As ranging trading persists, major pairings and crosses have remained trapped within yesterday’s range. The ECB’s press conference looks to have raised the euro somewhat, but there is no follow-through purchasing. The dollar is also somewhat weaker after the release of worse-than-expected Q3 GDP statistics. With an eye on broader risk sentiment, commodities currencies are the softer ones.
Following the conference, the EURUSD surged higher. While some of this can be ascribed to USD weakening following poor GDP statistics, the market does not appear to be impressed by the ECB’s inflation forecast. Indeed, according to the most recent data, German inflation jumped to +4.5 percent y/y in October, the most in over three decades, up from +4.1 percent the month before. This was higher than the consensus of +4.4 percent.
In terms of technicals, the Euro would be back in the spotlight for the rest of the week. The rebound from 1.1523 will be resumed if the minor resistance of 1.1668 is broken. A break of the minor resistance level of 0.8467 in the EUR/GBP suggests a short-term bottoming at 0.8401. In the EUR/AUD, a breach of minor resistance around 1.5598 will also signal a short-term bottoming at 1.5393. If all of these levels are broken, the Euro will be on the verge of mounting a broad-based near-term rebound.
ECB Maintains Stance, Continues PEPP at a Slower Pace
As expected, the ECB maintained its monetary policy steady. The marginal lending facility and deposit facility interest rates will stay at 0.00 percent, 0.25 percent, and -0.50 percent, respectively. The forecast remains unchanged.
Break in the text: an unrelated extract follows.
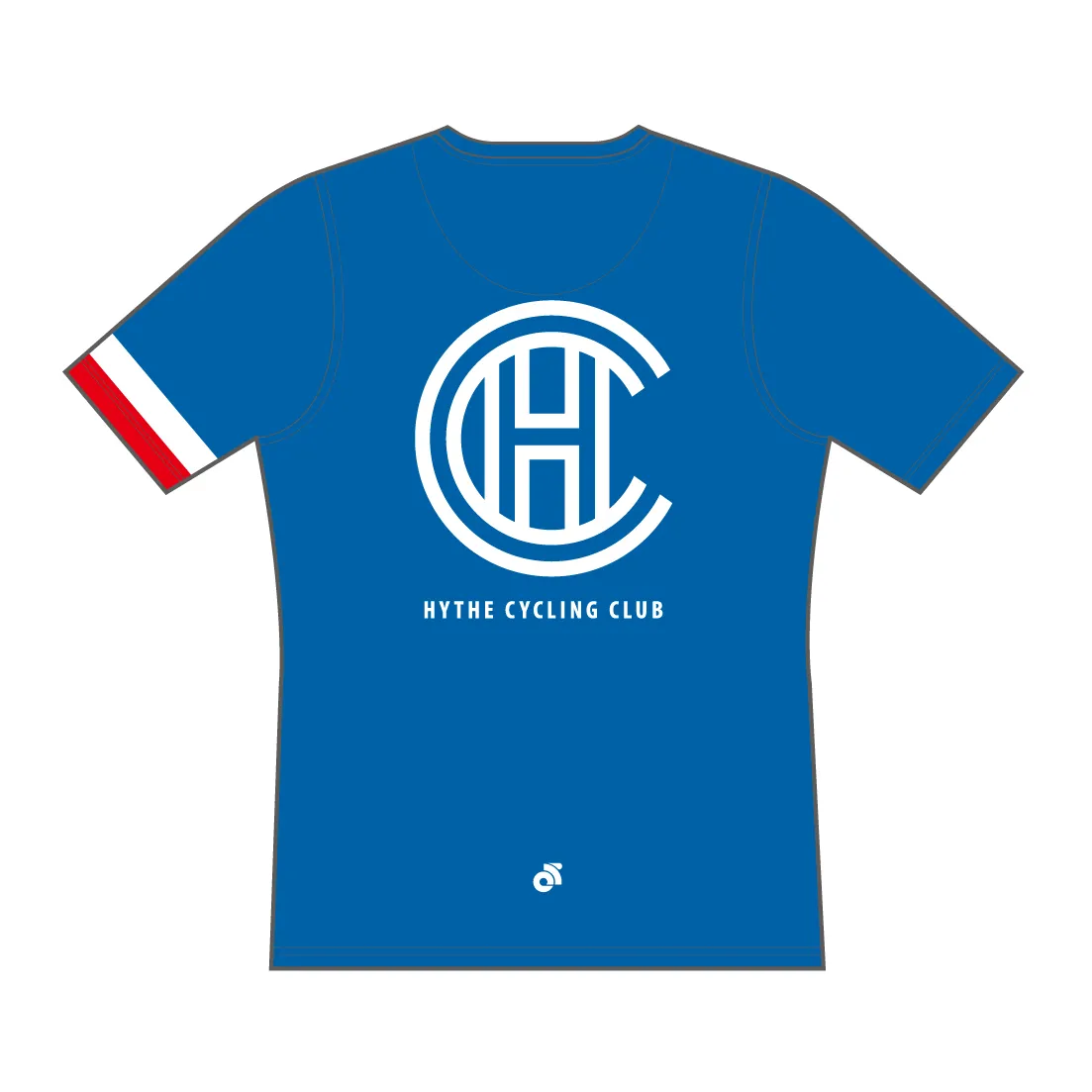 CITY Locarno Tee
“The Governing Council expects the key ECB interest rates to remain at their current or lower levels until it sees inflation reaching two percent well ahead of the end of its projection horizon and durably for the remainder of the projection horizon, and it judges that realized progress in underlying inflation is sufficiently advanced to be consistent with inflation stabilizing at two percent over the medium term,” the statement reads. This could potentially indicate a brief spell of considerably above-target inflation.”
PEPP purchases will continue until at least the end of March 2022, with a total outlay of EUR 1850B. Net asset acquisitions will continue to be “moderately slower” than in Q2 and Q3. Purchases of APPs will also continue at a monthly rate of EUR 20 billion.